Jeffrey was not completely new to racquet sports when he tried to get into tennis in his twenties, having played racquetball in college, however his disability made it difficult for him to excel in the sport. O.I. leads to easily broken bones, which is why Jeffrey uses a wheelchair now, however this was not always the case as he explained. “I have a disability that people with it, at least at my level, can go through periods of time where we’re sort of able bodied, or at least pretend we are,” said Jeffrey. While Jeffrey was able to try playing tennis, his body couldn’t take the intensity at that time, so he gave it up. Many years later, Jeffrey’s son Andrew, who also has O.I., entered a wheelchair tennis tournament at Barnes Tennis Center, prompting Jeffrey’s renewed interest in the sport.
“It was such a fascinating sport,” said Jeffrey. “I hadn’t played a racquet sport in years because I couldn’t really walk very well at all. So, watching my son play in a wheelchair tennis tournament was cool!” Jeffrey’s amazing twenty-year gap between stints with a racquet didn’t damper his competitive spirit, and he quickly signed up to play at Indian Wells. “I started out playing the C division at Indian Wells,” said Jeffrey. “I won first in singles and second in doubles! I decided to move up to A and that has been challenging because the people at the top end of the A division are really good.”
Jeffrey sees the opportunities in adaptive sports these days as a great improvement from when he was a kid. “The common wisdom in most schools was sports is out of the question,” explained Jeffrey about his childhood. “Now you can get out there to Indian Wells, playing at one of the finest facilities in the in the world. This is totally awesome.” Jeffrey has been encouraged by the greatly increasing opportunities to play adaptive sports, and the message that this sends to athletes of all kinds. “When I was growing up the common wisdom in most schools was, you’re in a wheelchair so sports are out of the question.”

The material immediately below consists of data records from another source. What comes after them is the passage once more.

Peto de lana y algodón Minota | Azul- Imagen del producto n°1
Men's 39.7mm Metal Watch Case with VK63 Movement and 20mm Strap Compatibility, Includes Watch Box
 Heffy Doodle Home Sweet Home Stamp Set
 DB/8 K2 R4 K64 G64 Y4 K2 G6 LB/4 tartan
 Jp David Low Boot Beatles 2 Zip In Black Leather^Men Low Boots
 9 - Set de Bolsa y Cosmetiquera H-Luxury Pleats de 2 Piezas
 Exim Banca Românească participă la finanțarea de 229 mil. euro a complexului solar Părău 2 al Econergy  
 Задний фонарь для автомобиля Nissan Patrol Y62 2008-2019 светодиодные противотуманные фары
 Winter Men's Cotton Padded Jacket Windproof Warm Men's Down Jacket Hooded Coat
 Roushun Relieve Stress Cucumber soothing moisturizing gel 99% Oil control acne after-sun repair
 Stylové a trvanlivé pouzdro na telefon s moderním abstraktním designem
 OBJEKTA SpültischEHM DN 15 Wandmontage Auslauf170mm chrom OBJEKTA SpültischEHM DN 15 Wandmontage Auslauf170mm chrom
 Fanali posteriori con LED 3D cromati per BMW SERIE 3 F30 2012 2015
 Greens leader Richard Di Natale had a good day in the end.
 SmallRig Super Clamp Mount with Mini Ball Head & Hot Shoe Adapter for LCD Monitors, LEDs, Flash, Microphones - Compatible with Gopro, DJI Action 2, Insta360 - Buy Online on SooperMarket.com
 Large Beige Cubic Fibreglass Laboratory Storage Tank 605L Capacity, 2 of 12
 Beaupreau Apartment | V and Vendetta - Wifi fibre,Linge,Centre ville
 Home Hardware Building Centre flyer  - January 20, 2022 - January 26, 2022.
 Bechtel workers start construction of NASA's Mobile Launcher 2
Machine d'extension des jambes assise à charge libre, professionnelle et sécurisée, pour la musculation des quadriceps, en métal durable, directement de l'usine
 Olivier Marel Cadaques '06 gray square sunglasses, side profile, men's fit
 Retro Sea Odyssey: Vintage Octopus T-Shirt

Adaptive tennis is markedly different from other adaptive sports in a few ways that Jeffrey appreciates, especially the fact that wheelchair players can play against non-wheelchair players. “I have an opportunity to play sports with my whole friend community,” Jeffrey exclaimed. “Not just the ones that happen to be disabled. So cool!”
The state of adaptive tennis is continually improving as well, including the fact that for the first time in 93 years, the San Diego District Championships in August will host a wheelchair division. The US Open will also be expanding their wheelchair involvement, with Junior Divisions now involved as well as an expanded player pool. While Jeffrey aspires to play at a higher level, his first goal is to consistently beat his son. “My goal is to stop losing to him,” laughed Jeffrey. Whether it’s against his son, or one day at the US Open or Wimbledon, Jeffrey’s path in tennis is clear, “My goal is to play as much as I can!”